Selain itu, Marwan menyoroti sistem digital baru yang diterapkan otoritas Arab Saudi melalui platform Nusuk, yang digunakan sebagai basis verifikasi keabsahan jemaah. Menurutnya, meski sistem ini bertujuan baik, namun penerapannya yang mendadak dan ketat justru menimbulkan kebingungan di lapangan.
“Pihak Saudi maupun kita sama-sama gagap. Tapi ini jadi pelajaran berharga. Kita harus mulai membangun komunikasi yang lebih kuat dan saling memahami antara pemerintah Indonesia dan Saudi, terutama dengan Kementerian Haji mereka,” tegasnya.
Marwan juga mengungkapkan bahwa dalam hari-hari terakhir menjelang keberangkatan, sistem Nusuk mulai melonggar dengan memperbolehkan perwakilan jemaah mengurus administrasi, berbeda dengan sebelumnya yang harus dilakukan satu per satu.
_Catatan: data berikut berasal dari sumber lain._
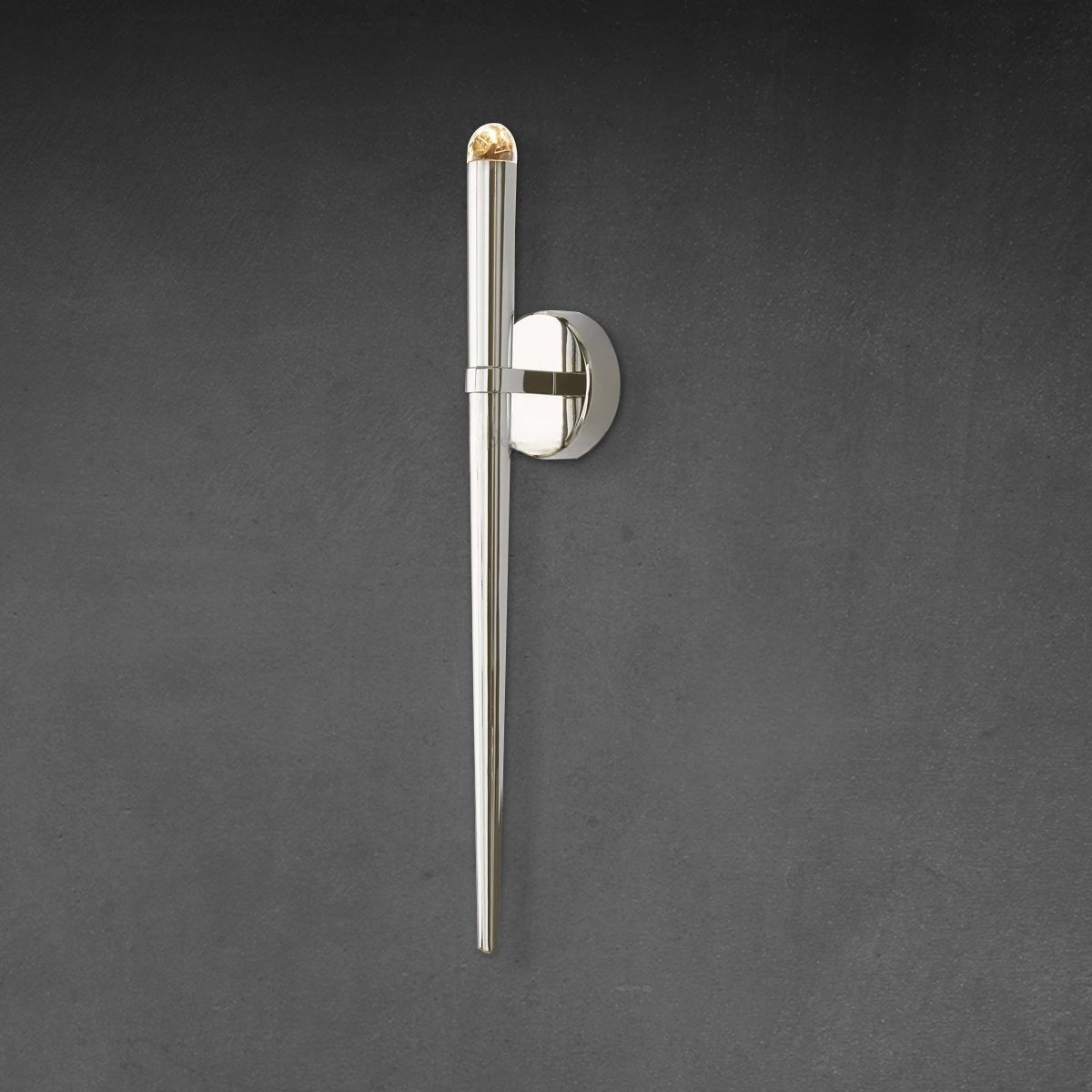 Aquitain Torch Sconce - GILDLAMPS
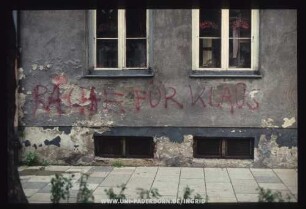 RACHE FÜR KLAUS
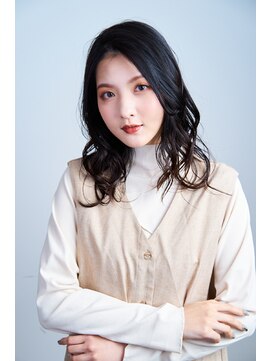 ユニックス イオンレイクタウン店(UNIX) 大人なカールパーマ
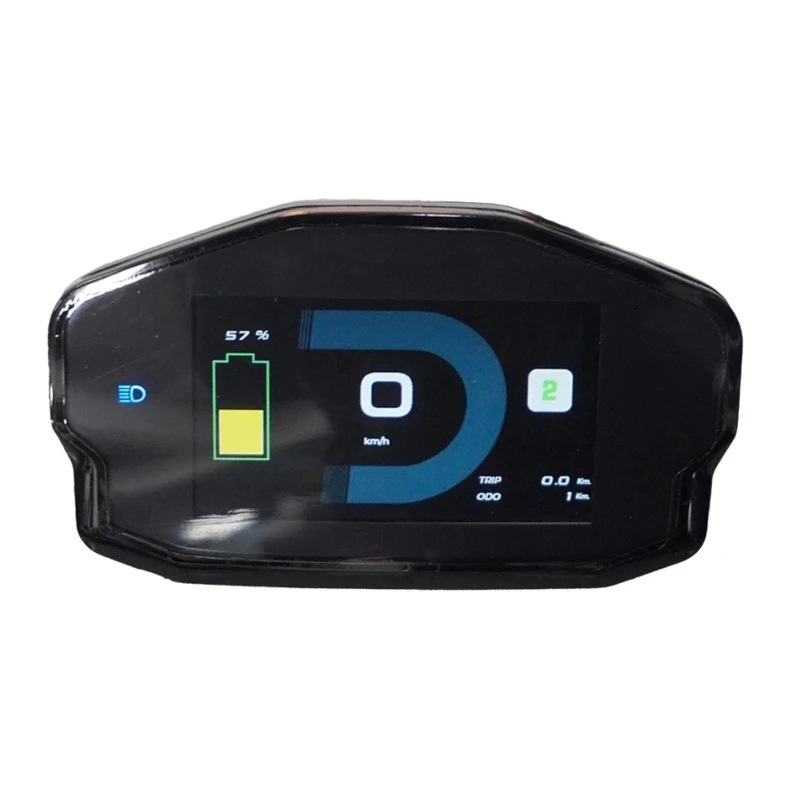Спидометр DKD 061-TFT CAN One-LIN для электроскутера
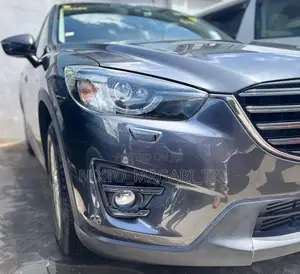 Mazda CX-5 2016 Black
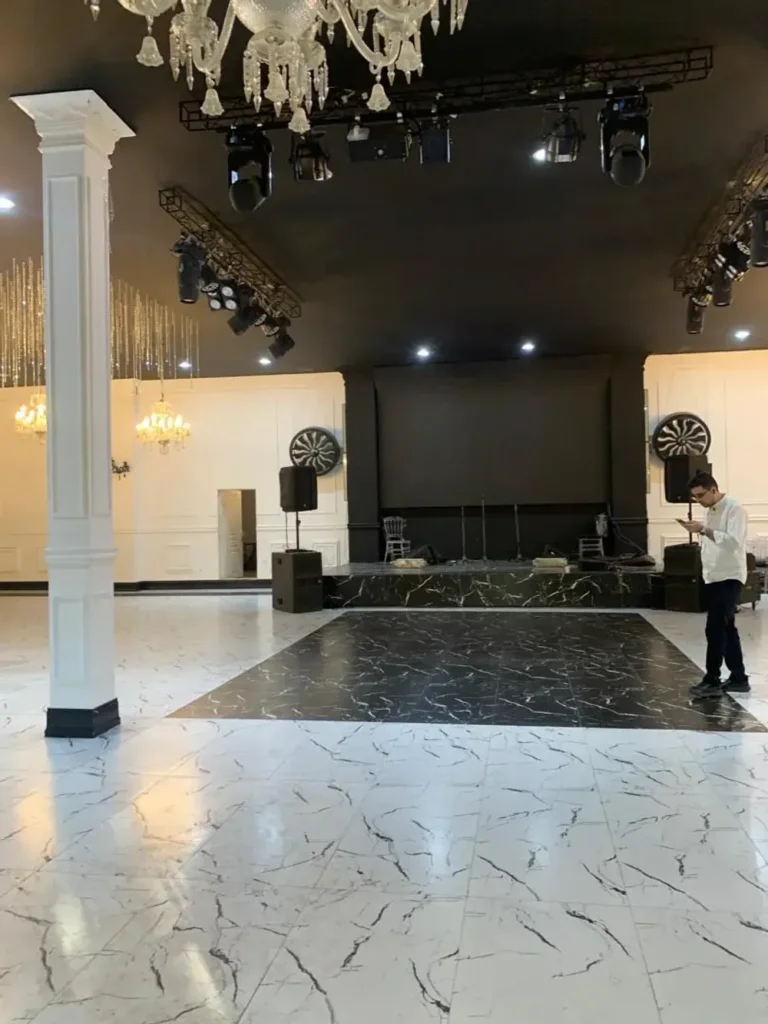 مکانی لاکچری در لواسان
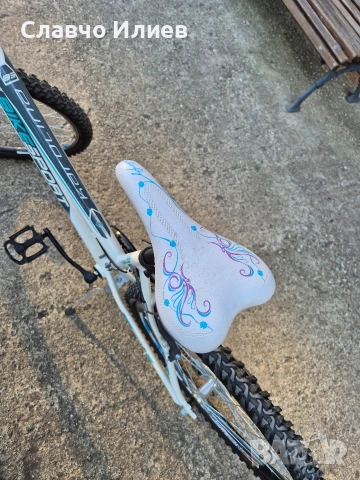 Уникално запазен велосипед - 26!, снимка 3 - Велосипеди - 53851106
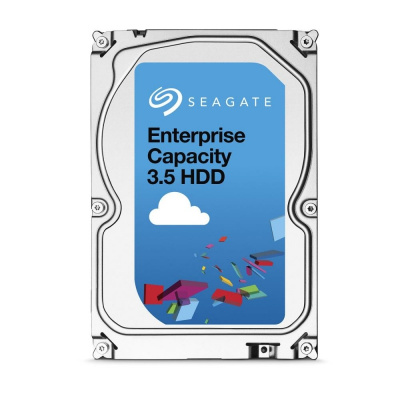 ������� ���� SEAGATE 3.5" SAS 6TB 256MB 7200RPM (ST6000NM0095)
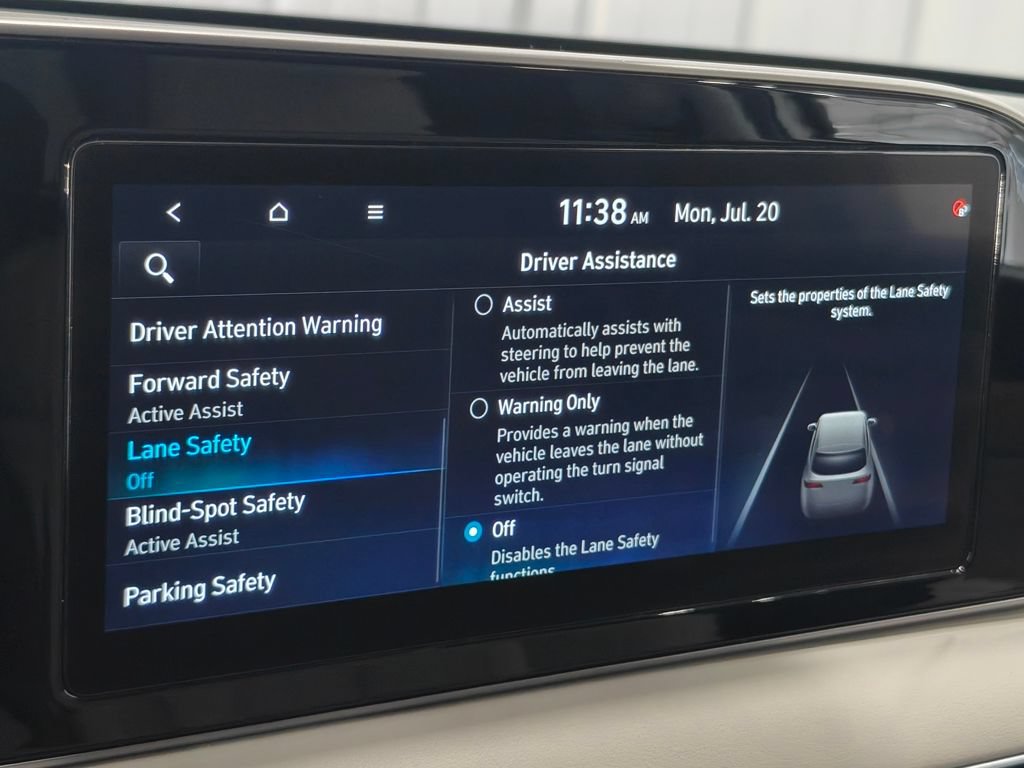 Used 2022 Hyundai Palisade Calligraphy w/ Winter Package AWD/4WD image 61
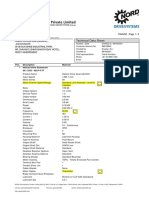 Technical Data Sheet: CN4V2Z - Page 1 / 2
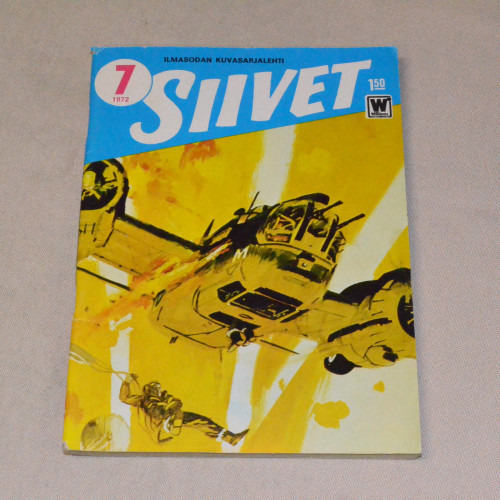 Siivet 07 - 1972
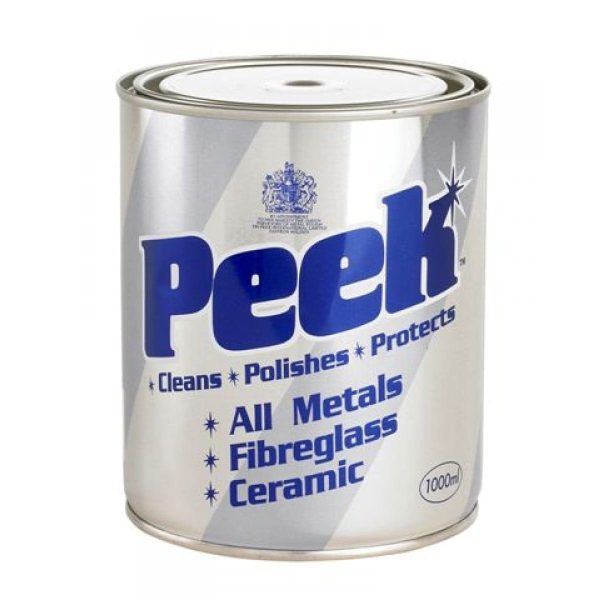 Peek Metal Polish - 1 litre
Persoalan lain yang dibahas dalam pertemuan malam itu adalah keterlambatan transportasi bus akibat padatnya check point di berbagai jalur menuju Armuzna (Arafah-Muzdalifah-Mina). Hal ini dinilai menjadi tantangan besar dalam menjamin kelancaran mobilisasi jemaah di puncak ibadah haji.
“Transportasi juga tergantung di setiap jalan karena ada check point-check point. Ini akan jadi bagian dari kajian untuk perbaikan ke depan,” jelas Marwan.
Tak kalah penting, Marwan juga mendorong perlunya peningkatan kualitas petugas haji. Ia menekankan bahwa para petugas tidak boleh direkrut secara serampangan, tetapi harus melalui proses pendidikan dan pelatihan yang matang, termasuk simulasi kondisi riil di lapangan.
“Petugas haji kita harus disiapkan dengan diklat minimal tiga bulan. Supaya mereka tahu persis langkah-langkah taktis yang harus dilakukan di lapangan. Bukan asal rekrut,” kata Marwan menutup pembicaraan.